Drugi pomysł, to takie specjalne gniazdko w kotłowni, do którego będzie się dało podłączyć agregat prądotwórczy na czas przerwy w dostawie prądu np. z powodu awarii sieci.
Elektryk wstępnie określił się, że wchodzi w przyszłym tygodniu jak tylko mrozy trochę ustąpią. W długi weekend mieliśmy temperatury -24 st.C. w nocy i około -20, -15 w dzień.
A tak, to sprzątanie wewnątrz, wizyty przedstawicieli handlowych od rekuperacji i innych tematów oraz czekanie na oferty.
W międzyczasie w naszej aceroli trochę się grzeje kozą i rąbie odpady desek na opał. Taki piecyk nie jest jednak na tyle wydajny, żeby zagrzać całe pomieszczenie jakim jest salon. Jak się mocno rozpali, tak żeby prawie cała rura do komina była czerwona, to ciepło jest może na 2-3 metry od kozy.
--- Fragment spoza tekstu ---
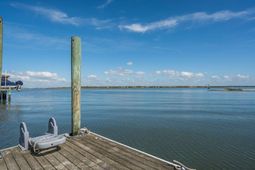 405 Seabreeze Lane photo 4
Ciepłe powietrze jest chyba w całości wyciągane przez nieszczelny dach i drzwi w przedsionku, bo mimo grzania przez np. 2 godziny w dalszej odległości (np. 5m) cieplej wcale nie jest. Koza daje tylko tyle, że jak się zmarznie, to można przy niej stanąć na chwilę i się rozgrzać i dalej wracać do pracy. Albo tak zorganizować pracę, żeby pracować w pobliżu piecyka. Według producenta piecyk ten ma chyba 8kW i powinien wystarczyć na ogrzanie 180m2 powierzchni.. taaa. Rurę wylotową przedłużyłem o 1,5m, dużo więcej ciepła, polecam.